Ce conflit, qui date de la première guerre du Golfe et qui s'est éternisé devant les tribunaux britanniques, s'est retrouvé à la Cour suprême du Canada hier matin. Les parties espèrent obtenir rapidement une décision, mais typiquement, les jugements du plus haut tribunal du pays peuvent prendre de deux à six mois.

«Si la voie était libérée de cet obstacle, nous pourrions examiner calmement nos besoins et voir comment Bombardier pourrait nous aider à y répondre», a déclaré Ahmed Saadawi, un conseiller du premier ministre irakien, dans une entrevue téléphonique avec La Presse Affaires hier.

La CSeries, notamment, intéresse les Irakiens.

«C'est une réelle possibilité, j'ai visité l'usine, j'ai vu la maquette, ça semble un très bon appareil, a déclaré M. Saadawi. Mais pour l'instant, nous ne sommes pas là, nous devons regarder ailleurs, là où nous pouvons acheter, que ce soit chez Boeing ou Airbus, pour éviter les problèmes que nous avons au Canada en raison de ce conflit.»

Kuwait Airways a entamé des procédures contre le gouvernement irakien et sa société aérienne, Iraqi Airways, à la suite de l'invasion du Koweït par l'Irak en 1990. Le transporteur koweïtien exigeait 1,2 milliard de dollars US pour des avions et des équipements volés ou détruits durant l'invasion. Au cours de l'été 2008, un tribunal britannique a ordonné au gouvernement irakien de rembourser les frais juridiques subis jusqu'alors par Kuwait Airways, soit 83,5 millions US.

Le transporteur koweïtien s'est alors tourné vers la Cour supérieure du Québec pour faire reconnaître ce jugement et faire saisir les appareils de Bombardier destinés à l'Irak.

Le juge Paul Chaput a tranché en faveur de Kuwait Airlines en août 2008, mais il est revenu sur sa décision en octobre 2008, en raison notamment de différences entre les législations canadienne et britannique en matière d'immunité des États. La Cour d'appel a confirmé ce jugement en avril 2009 et la cause s'est retrouvée devant la Cour suprême du Canada.

L'Irak estime qu'elle est protégée par l'immunité accordée par la législation canadienne aux États, alors que Kuwait Airways estime que cette immunité ne s'applique pas dans cette cause parce que les actions de l'Irak sont d'ordre commercial.

Jusqu'ici, Bombardier a livré quatre des 10 appareils CRJ900 commandés par Iraqi Airways. L'avionneur a bien pris soin de faire savoir qu'il n'avait pas commencé à construire les six autres appareils.

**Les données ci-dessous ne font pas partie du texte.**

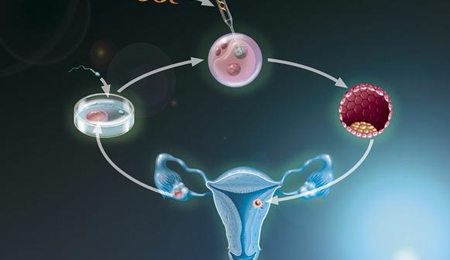 做试管婴儿时降调、促排卵遇到的问题和解答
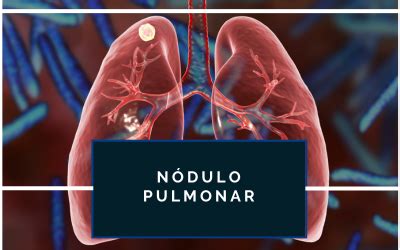 NÓDULO PULMONAR ISOLADO: UM GUIA COMPLETO PARA PACIENTES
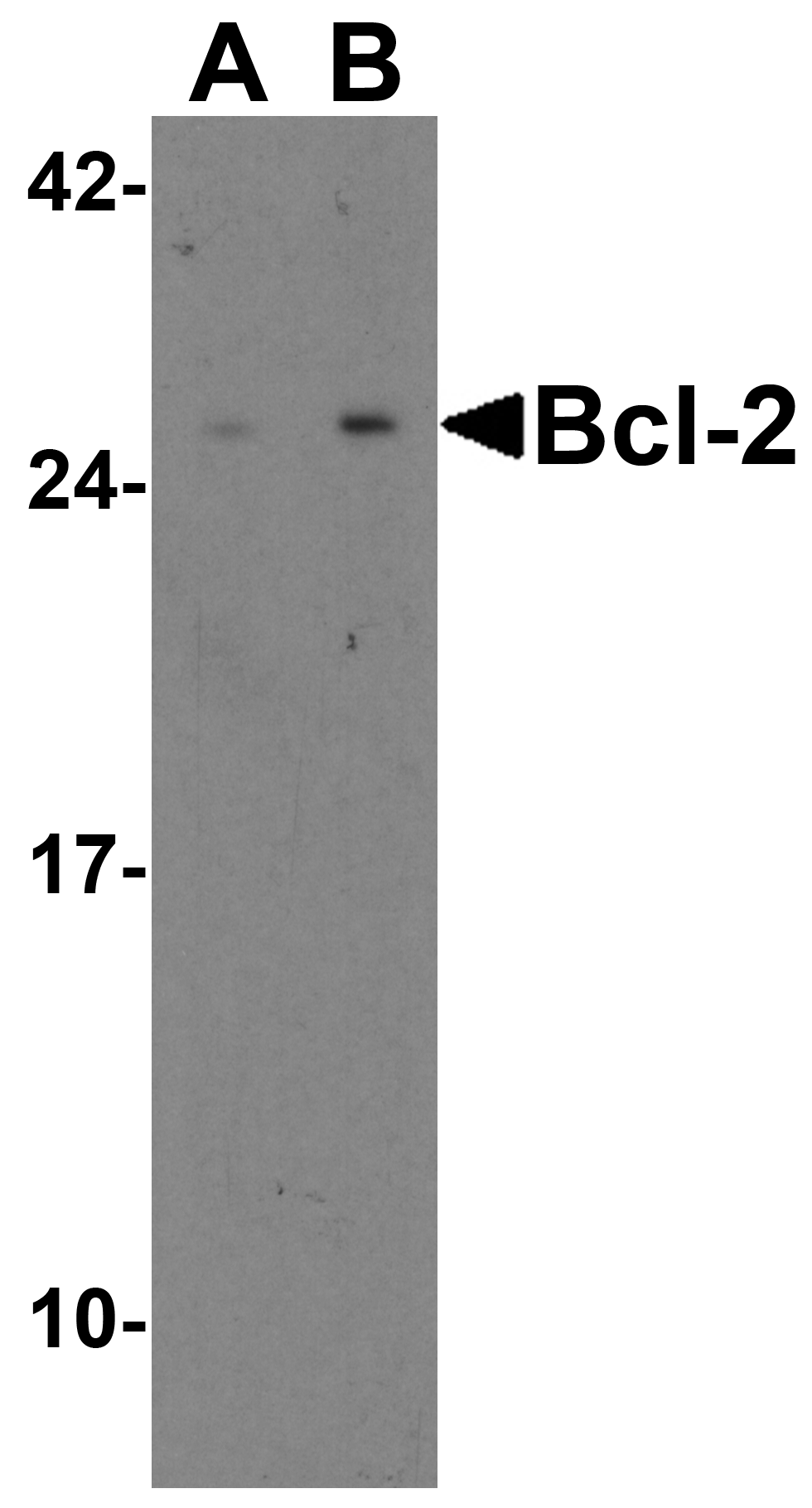 Bcl-2 Antibody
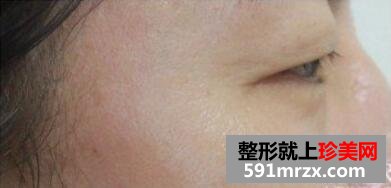 美女带妈妈一起体验玻尿酸除皱术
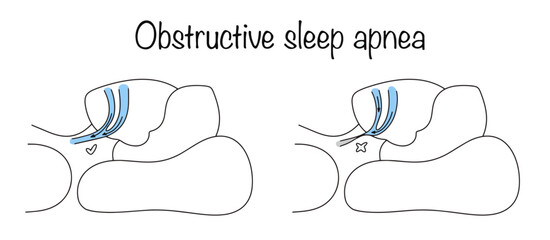 Obstructive sleep apnea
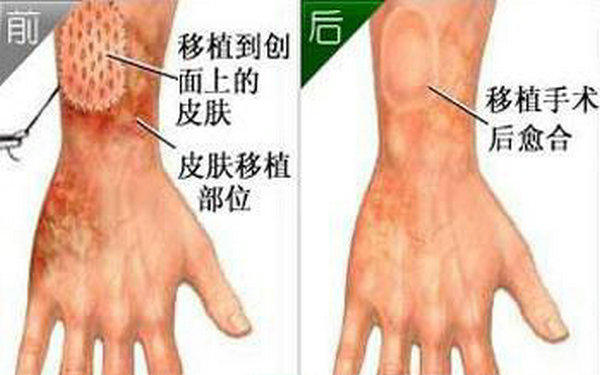皮膚移植手術多少錢?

M. Saadawi a affirmé que le gouvernement irakien avait tenté à plusieurs reprises de régler le conflit hors des tribunaux. En janvier 2009, le président irakien Jalal Talabani et l'émir du Koweït Sabah al-Ahmad al-Sabah s'étaient entendu sur un règlement de 300 millions US, une somme que l'Irak et sa compagnie aérienne étaient prêts à verser à Kuwait Airways. Le transporteur koweïtien avait cependant rejeté cette entente.

«Le fait d'avoir recours à divers systèmes judiciaires dans le monde n'est pas constructif, a déclaré M. Saadawi. Nous devons résoudre le problème entre nous.»